[ENTRIES SHOWN]:

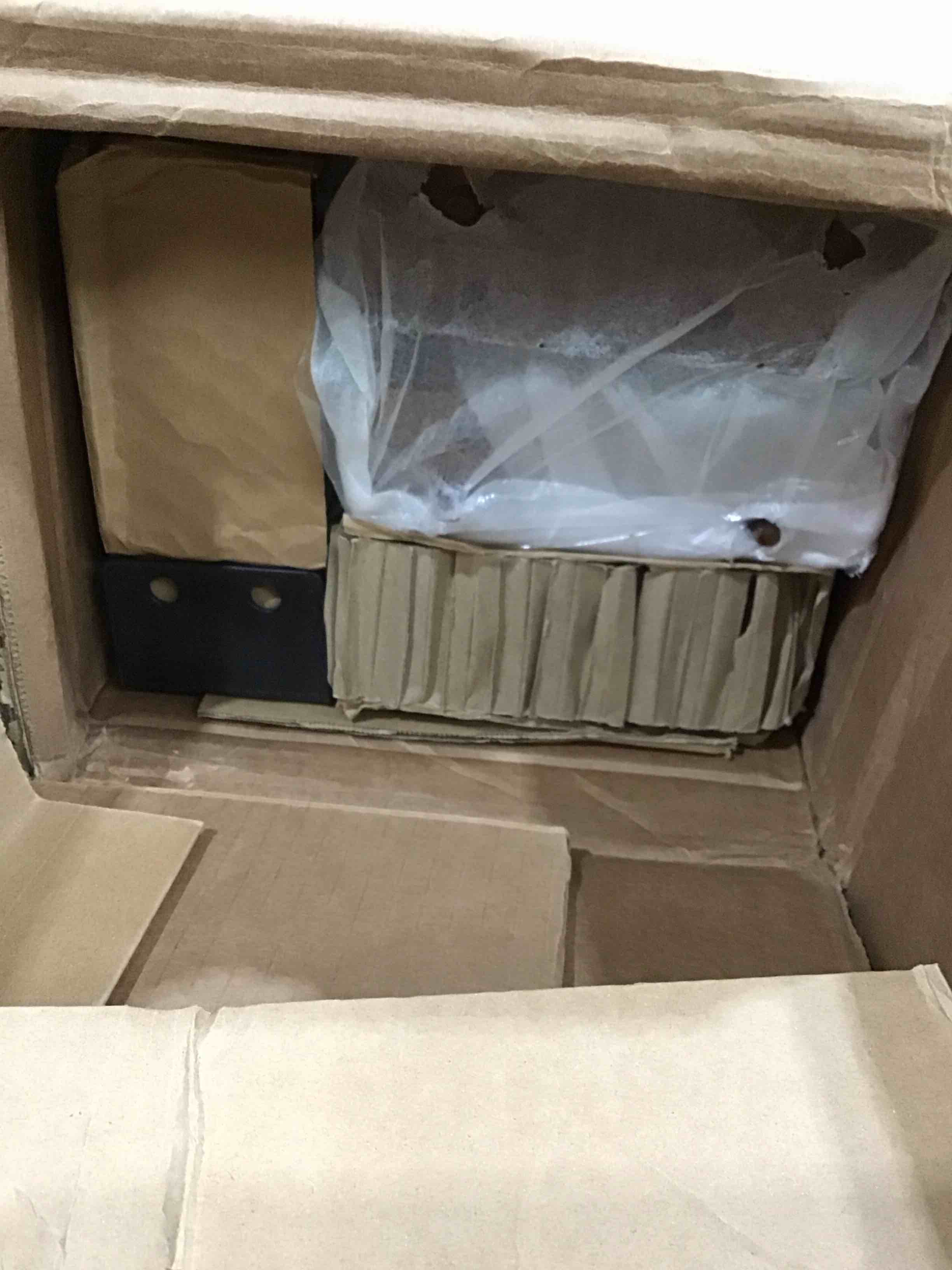 https://s3.amazonaws.com/lotting-images-prod/bidfta/PNK1864342_1742401323685.jpeg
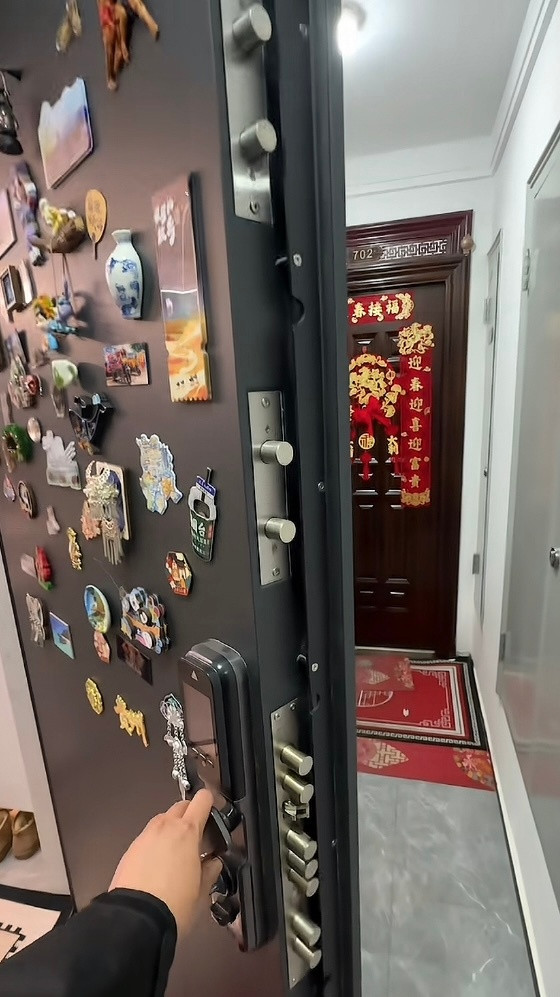 开锁师傅接了个单发现是来考试的这防盗门可太防盗了开锁师傅来了发现撬合页比开锁容易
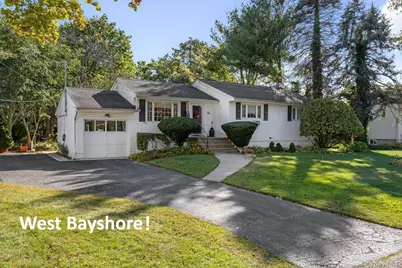 2 Flower Hill Lane, Bay Shore, NY 11706 - Photo 1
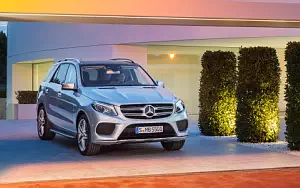 Mercedes-Benz GLE 500 e 4MATIC AMG Line      4K Ultra HD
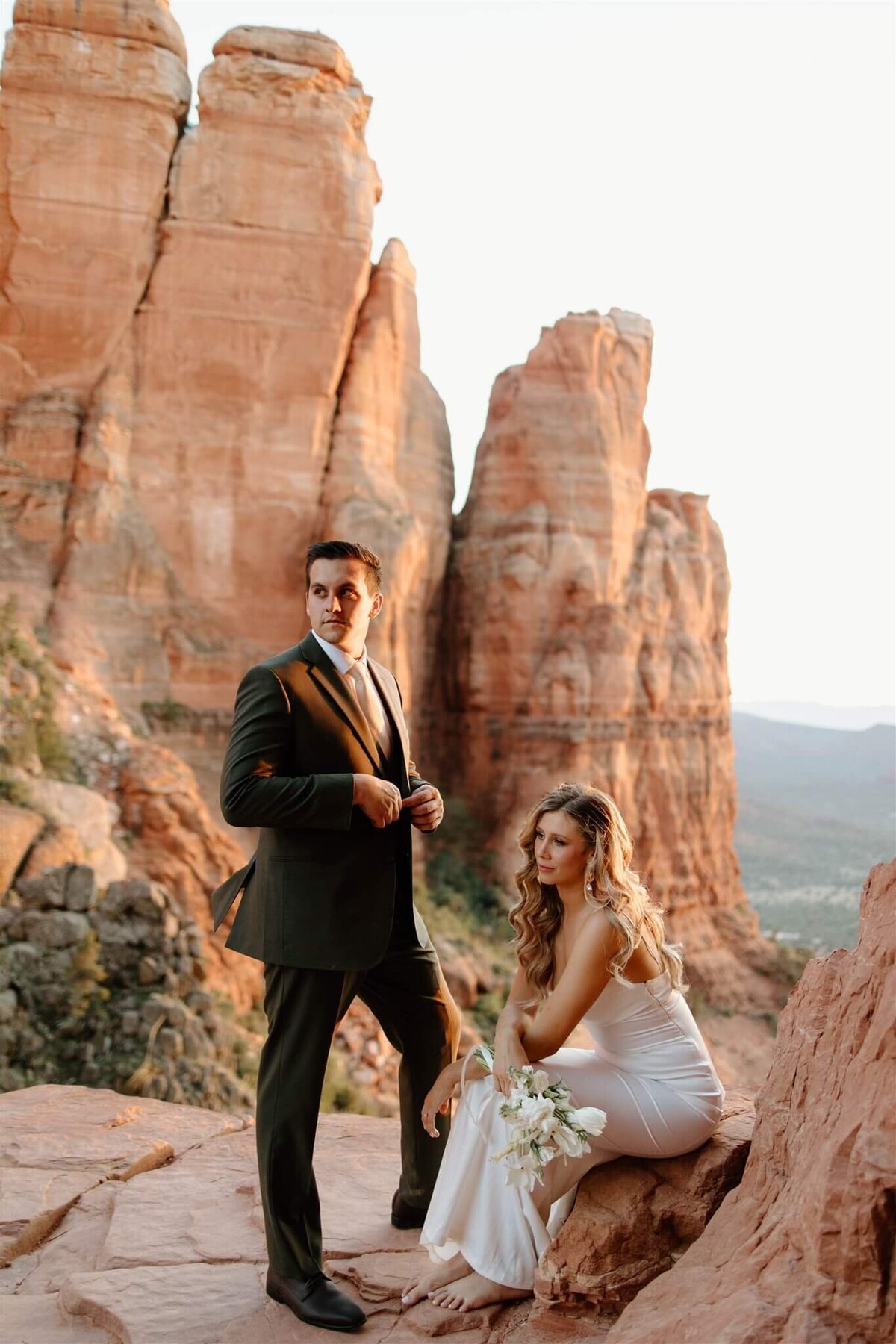 tinted-events-design-and-planning-sedona-wedding-photography-memories-by-lindsay-cathedral-rock-destination-wedding-planning-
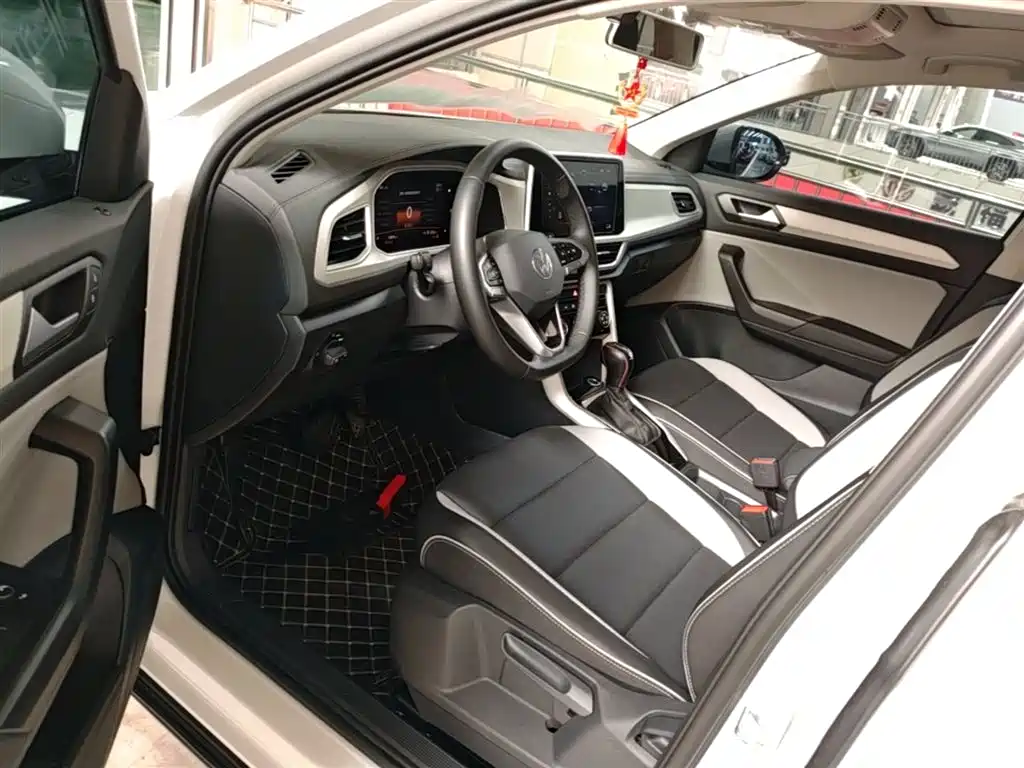 Volkswagen T-Roc 2025 — фото 16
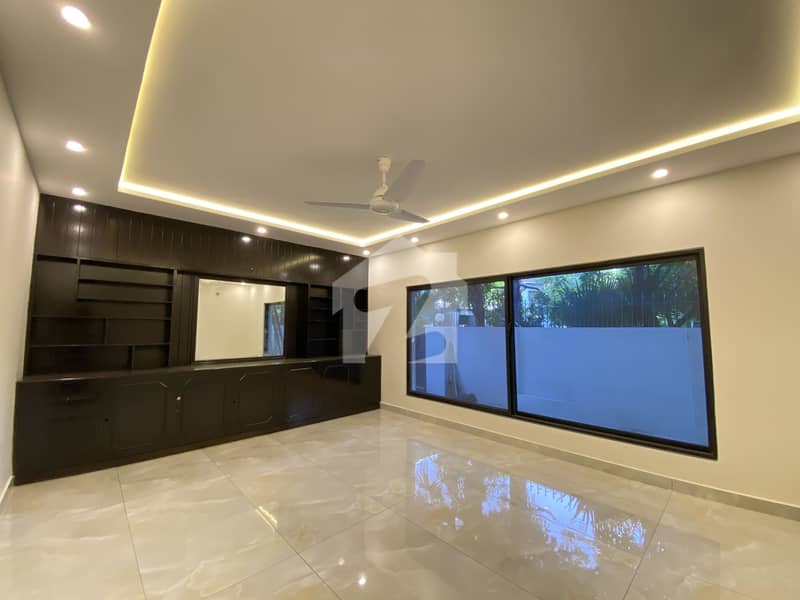 Beautiful House Up For Sale With Extra Land Prime Location Beautiful House Up For Sale With Extra Land Prime Location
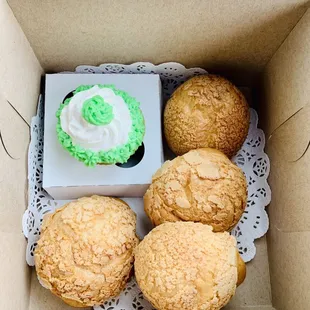 Pandan Cupcake &amp; Cream Puffs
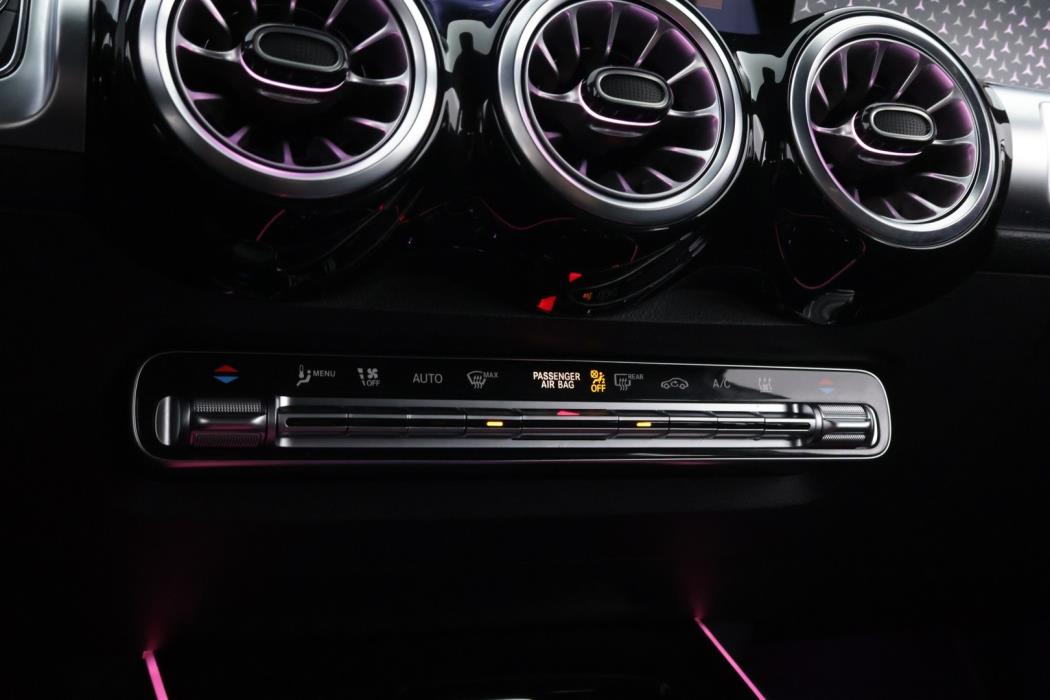MERCEDES-BENZ EQB 2024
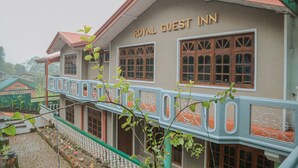 A building with the sign "ROYAL GUEST INN" and a balcony with decorative railings. - Royal Guest Inn (Nuwara Eliya)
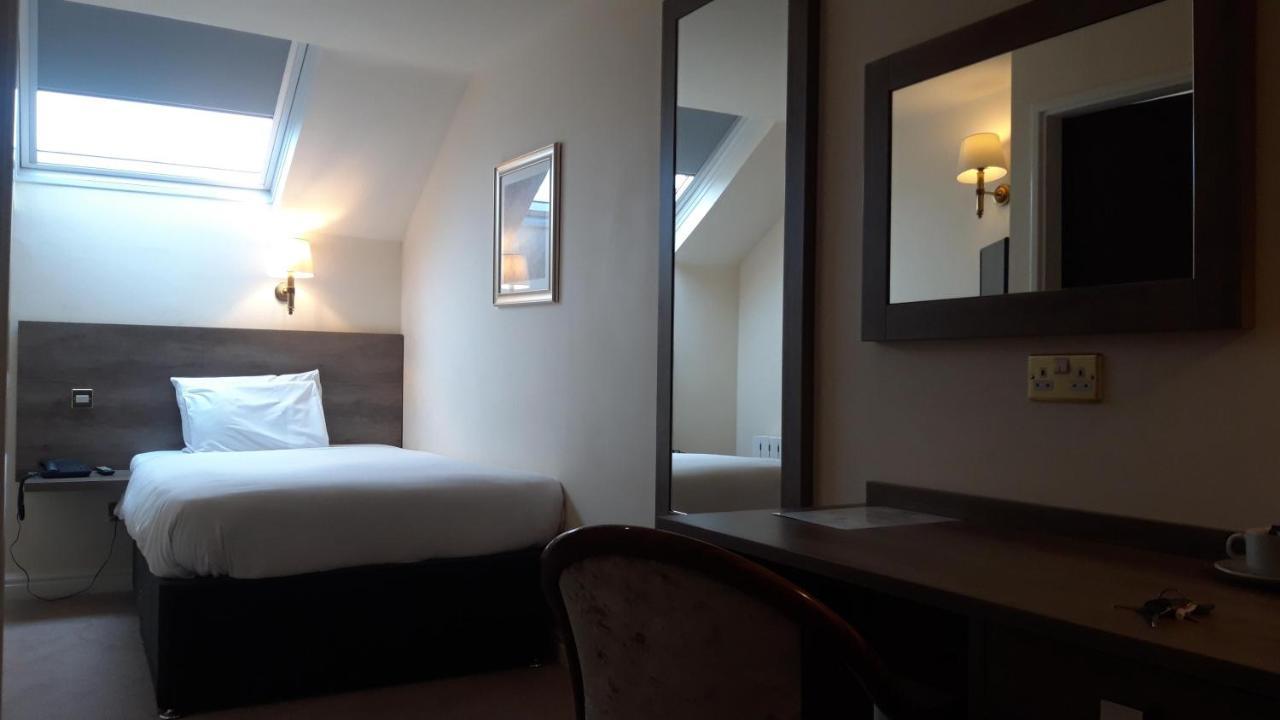 The Sitwell Arms Hotel Mosborough Buitenkant foto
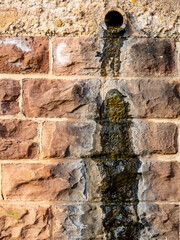 Feuchte Eisenbahnbrücke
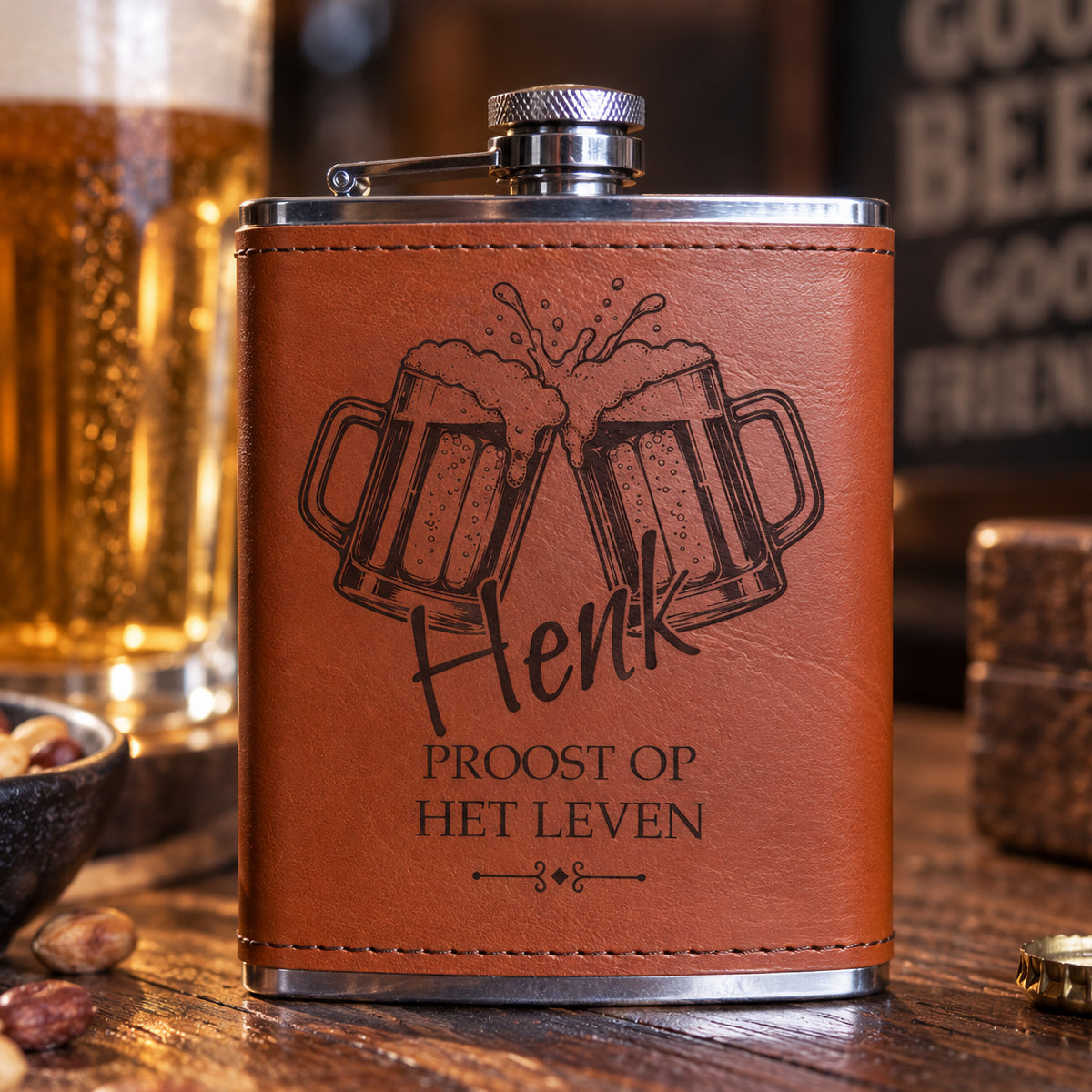 Heupfles met naam en bierglazen als persoonlijk cadeau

[YOUR ASSIGNMENT]: Everything from the first line of the records through the line containing "Volkswagen T-Roc 2025 — фото 16" should be repeated exactly, with the pictures left out.

[RESULT OF THIS TASK]:
 https://s3.amazonaws.com/lotting-images-prod/bidfta/PNK1864342_1742401323685.jpeg
 开锁师傅接了个单发现是来考试的这防盗门可太防盗了开锁师傅来了发现撬合页比开锁容易
 2 Flower Hill Lane, Bay Shore, NY 11706 - Photo 1
 Mercedes-Benz GLE 500 e 4MATIC AMG Line      4K Ultra HD
 tinted-events-design-and-planning-sedona-wedding-photography-memories-by-lindsay-cathedral-rock-destination-wedding-planning-
 Volkswagen T-Roc 2025 — фото 16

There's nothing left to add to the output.